Here’s a look at the latest data news and developments that caught my eye.
Algorithms to sniff out disloyal troops
The US Army is vexed by the problem of troops who become disaffected and, by extension, a risk to the operations they’re involved in. Through a DARPA-sponsored research project, the Army hopes to use big data analytics to identify individuals likely to pose a threat.
In an announcement for an investigative “industry day” for the ADAMS (Anomaly Detection at Multiple Scales ) project, DARPA framed the problem:
Each time we see an incident like a soldier in good mental health becoming homicidal or suicidal or an innocent insider becoming malicious we wonder why we didn’t see it coming. When we look through the evidence after the fact, we often find a trail — sometimes even an “obvious” one.
… The focus is on malevolent insiders that started out as “good guys.” The specific goal of ADAMS is to detect anomalous behaviors before or shortly after they turn. Operators in the counter- intelligence community are the target end-users for ADAMS insider threat detection technology.

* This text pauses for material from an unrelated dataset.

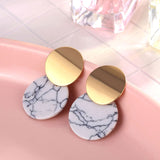 IPARAM 2020 New Big Circle Round Hoop Earrings for Women's Fashion Statement Golden Punk Charm Earrings Party Jewelry - A Woman Knows Best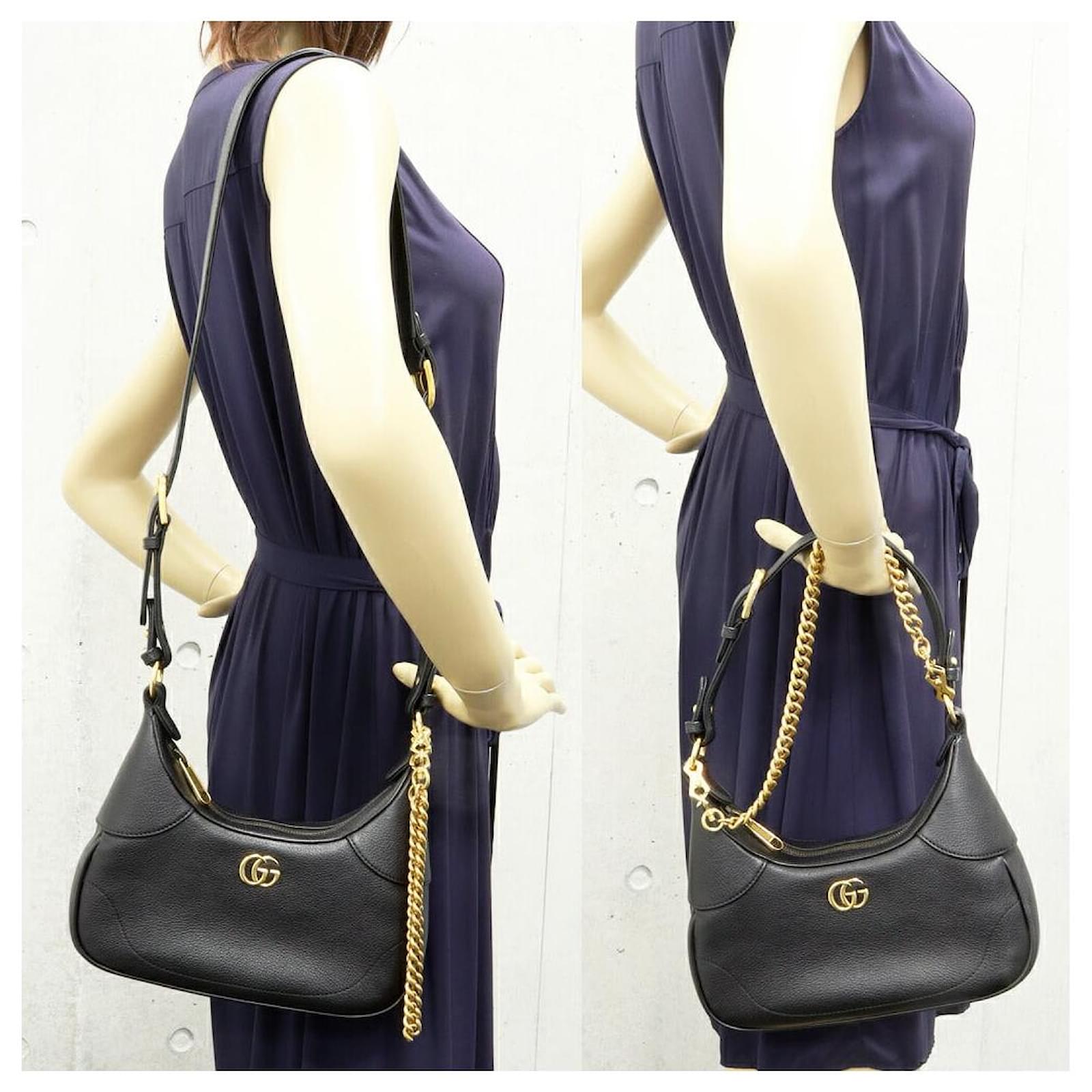 Gucci Aphrodite Calf 2way Shoulder Bag Black Leather ref.2544846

Reporting on ADAMS, Wired notes that there’s still much to consider about here:
All this suggests the blind are still leading the blind when it comes to stopping internal military subversion. It’s far from clear what kind of data — troops’ e-mail? web trails? book orders? — DARPA would use to ferret out troops who pose a risk to themselves or others.
CouchDB in the movies
A NoSQL column-store database, CouchDB is noted for its support of replication and synchronization. Notably used in Ubuntu’s personal cloud technology for synchronization, CouchDB provides a great substrate for replicating, periodically disconnected, data services.
These features for synchronization and replication made CouchDB an attractive solution for the needs of Novacut, a new open source video editing solution inspired by the decentralized version control systems available to programmers. By using cloud storage and sharing metadata documenting changes made to a video, many people can work on a single video in a distributed fashion.
In the words of the Novacut home page:
Such an editor will help artists reduce costs, work faster, and collaborate with the right people. Such an editor will help independent TV and film succeed. We want artists to win!
Riak adds full-text searching
A NoSQL database modeled on Amazon’s Dynamo architecture, Riak is maturing rapidly. Riak provides a decentralized key-value store, a MapReduce engine, and an HTTP/JSON query interface. Aimed at deployment in web applications, Riak’s architecture is scalable and fault tolerant.
Basho, the creators of Riak, announced the release of Riak 0.13, including a full-text search engine, Riak Search. Like the database itself, Riak Search is scalable and fault tolerant, operating in real time.
Riak’s 0.13 release also improves the performance of its MapReduce functionality, and is generally less resource-hungry than previous versions. Both open source and enterprise editions are available.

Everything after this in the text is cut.